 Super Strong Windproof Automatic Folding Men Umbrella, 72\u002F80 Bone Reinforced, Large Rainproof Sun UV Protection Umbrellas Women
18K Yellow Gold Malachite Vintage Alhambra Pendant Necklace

* * *

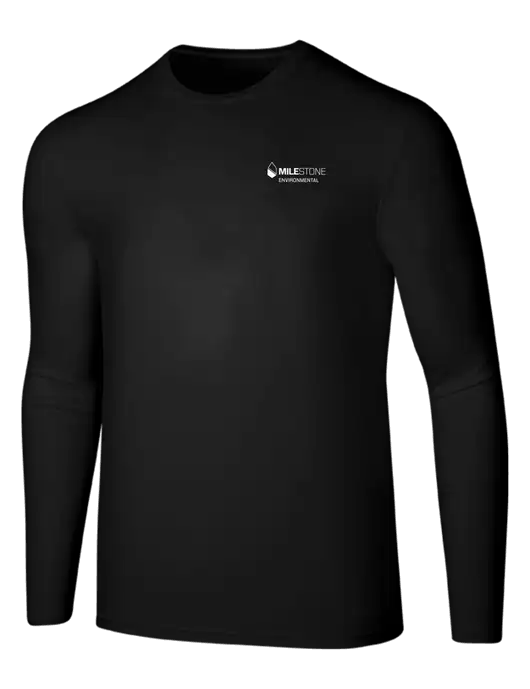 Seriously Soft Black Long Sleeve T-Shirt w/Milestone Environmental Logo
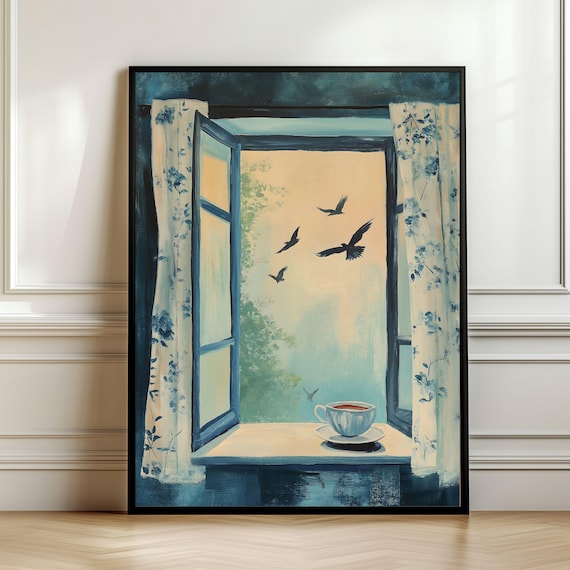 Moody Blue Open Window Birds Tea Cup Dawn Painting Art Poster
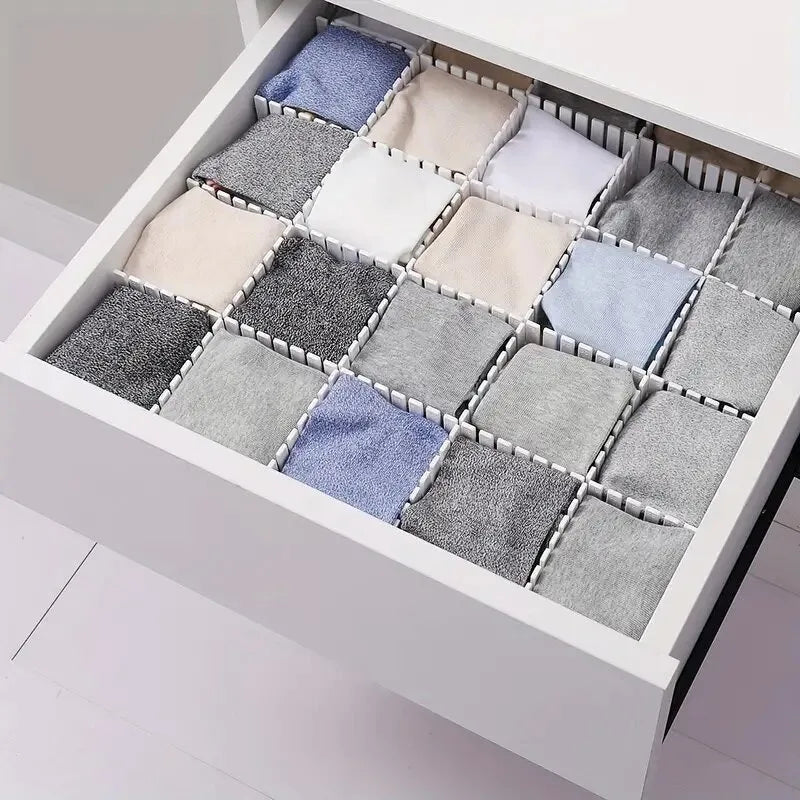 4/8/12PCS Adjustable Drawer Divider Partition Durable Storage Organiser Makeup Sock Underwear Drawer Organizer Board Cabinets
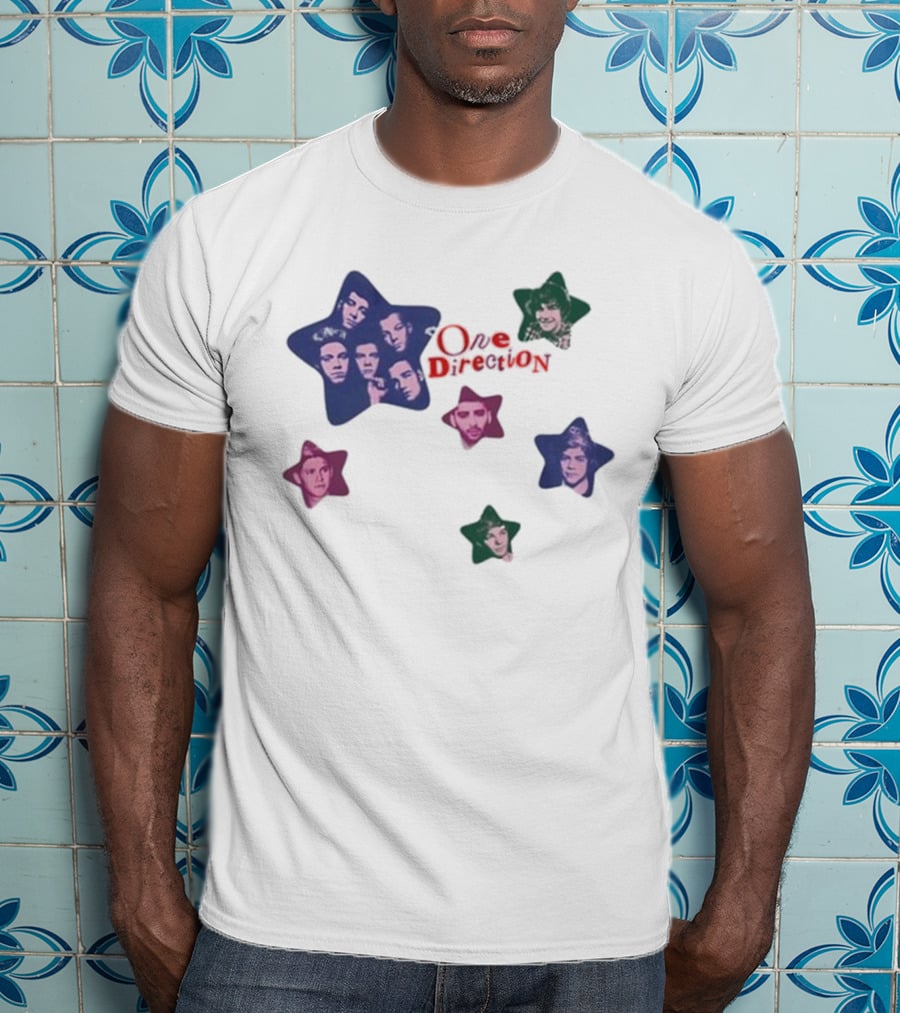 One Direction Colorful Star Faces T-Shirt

Exercise: Could you restate word for word the lines above, from the one that contains "Super Strong Windproof" through the one that contains "18K Yellow Gold", and no others?

Solution to the exercise:
 Super Strong Windproof Automatic Folding Men Umbrella, 72\u002F80 Bone Reinforced, Large Rainproof Sun UV Protection Umbrellas Women
18K Yellow Gold Malachite Vintage Alhambra Pendant Necklace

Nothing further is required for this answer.